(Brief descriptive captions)
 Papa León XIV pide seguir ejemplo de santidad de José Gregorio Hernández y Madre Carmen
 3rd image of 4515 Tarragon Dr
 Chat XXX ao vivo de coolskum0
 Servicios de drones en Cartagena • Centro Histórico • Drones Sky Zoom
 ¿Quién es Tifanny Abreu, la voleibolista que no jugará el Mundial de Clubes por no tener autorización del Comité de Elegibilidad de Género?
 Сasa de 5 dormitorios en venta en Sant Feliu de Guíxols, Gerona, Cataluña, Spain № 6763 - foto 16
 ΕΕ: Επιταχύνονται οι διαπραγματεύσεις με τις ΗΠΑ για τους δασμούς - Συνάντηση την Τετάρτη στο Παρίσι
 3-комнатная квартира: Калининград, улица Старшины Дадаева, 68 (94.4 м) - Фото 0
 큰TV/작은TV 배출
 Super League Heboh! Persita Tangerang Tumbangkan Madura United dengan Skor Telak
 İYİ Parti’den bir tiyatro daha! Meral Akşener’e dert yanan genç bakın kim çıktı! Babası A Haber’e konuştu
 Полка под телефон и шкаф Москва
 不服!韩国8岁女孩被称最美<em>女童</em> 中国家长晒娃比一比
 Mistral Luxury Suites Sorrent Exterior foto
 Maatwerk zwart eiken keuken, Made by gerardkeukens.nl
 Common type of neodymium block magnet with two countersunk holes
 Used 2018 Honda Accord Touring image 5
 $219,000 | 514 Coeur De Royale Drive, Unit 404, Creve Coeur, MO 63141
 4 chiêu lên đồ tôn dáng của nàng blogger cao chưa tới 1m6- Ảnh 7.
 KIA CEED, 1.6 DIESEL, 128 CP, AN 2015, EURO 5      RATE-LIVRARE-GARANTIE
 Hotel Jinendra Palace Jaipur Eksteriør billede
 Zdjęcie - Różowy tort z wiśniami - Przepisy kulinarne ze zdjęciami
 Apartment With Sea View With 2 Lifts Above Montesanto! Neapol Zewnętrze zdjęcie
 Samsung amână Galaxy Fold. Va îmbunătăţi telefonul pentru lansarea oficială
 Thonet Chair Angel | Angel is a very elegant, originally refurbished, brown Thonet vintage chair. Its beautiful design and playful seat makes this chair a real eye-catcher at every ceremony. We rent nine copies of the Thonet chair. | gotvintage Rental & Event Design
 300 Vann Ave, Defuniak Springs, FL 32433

→ **Problem**:
Out of the entries above, write out only the lines between the line holding "Mistral Luxury Suites Sorrent Exterior foto" and the line holding "Apartment With Sea", inclusive, each exactly as given.

→ **Result of this exercise**:
 Mistral Luxury Suites Sorrent Exterior foto
 Maatwerk zwart eiken keuken, Made by gerardkeukens.nl
 Common type of neodymium block magnet with two countersunk holes
 Used 2018 Honda Accord Touring image 5
 $219,000 | 514 Coeur De Royale Drive, Unit 404, Creve Coeur, MO 63141
 4 chiêu lên đồ tôn dáng của nàng blogger cao chưa tới 1m6- Ảnh 7.
 KIA CEED, 1.6 DIESEL, 128 CP, AN 2015, EURO 5      RATE-LIVRARE-GARANTIE
 Hotel Jinendra Palace Jaipur Eksteriør billede
 Zdjęcie - Różowy tort z wiśniami - Przepisy kulinarne ze zdjęciami
 Apartment With Sea View With 2 Lifts Above Montesanto! Neapol Zewnętrze zdjęcie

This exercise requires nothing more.